Bueti D, Bahrami B, Walsh V, Rees G. J. Neurosci. 2010; 30(12): 4343-4352.

Affiliation

Institute of Cognitive Neuroscience, University College London, London WC1N 3AR, United Kingdom, Wellcome Trust Centre for Neuroimaging, University College London, London WC1N 3BG, United Kingdom, and Neuroimaging Laboratory, Fondazione Santa Lucia, 00179 Rome, Italy.

Copyright

(Copyright © 2010, Society for Neuroscience)

DOI

10.1523/JNEUROSCI.2254-09.2010

PMID

20335470

Abstract

Anticipating the timing of future events is a necessary precursor to preparing actions and allocating resources to sensory processing.

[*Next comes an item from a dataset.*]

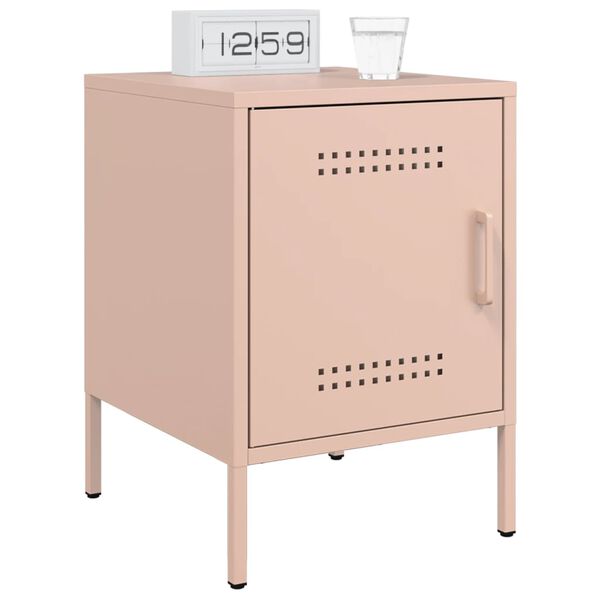 vidaXL Nattbord 2 stk rosa 36x39x50,5 cm st&aring;l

This requires elapsed time to be represented in the brain and used to predict the temporal probability of upcoming events. While neuropsychological, imaging, magnetic stimulation studies, and single-unit recordings implicate the role of higher parietal and motor-related areas in temporal estimation, the role of earlier, purely sensory structures remains more controversial. Here we demonstrate that the temporal probability of expected visual events is encoded not by a single area but by a wide network that importantly includes neuronal populations at the very earliest cortical stages of visual processing. Moreover, we show that activity in those areas changes dynamically in a manner that closely accords with temporal expectations.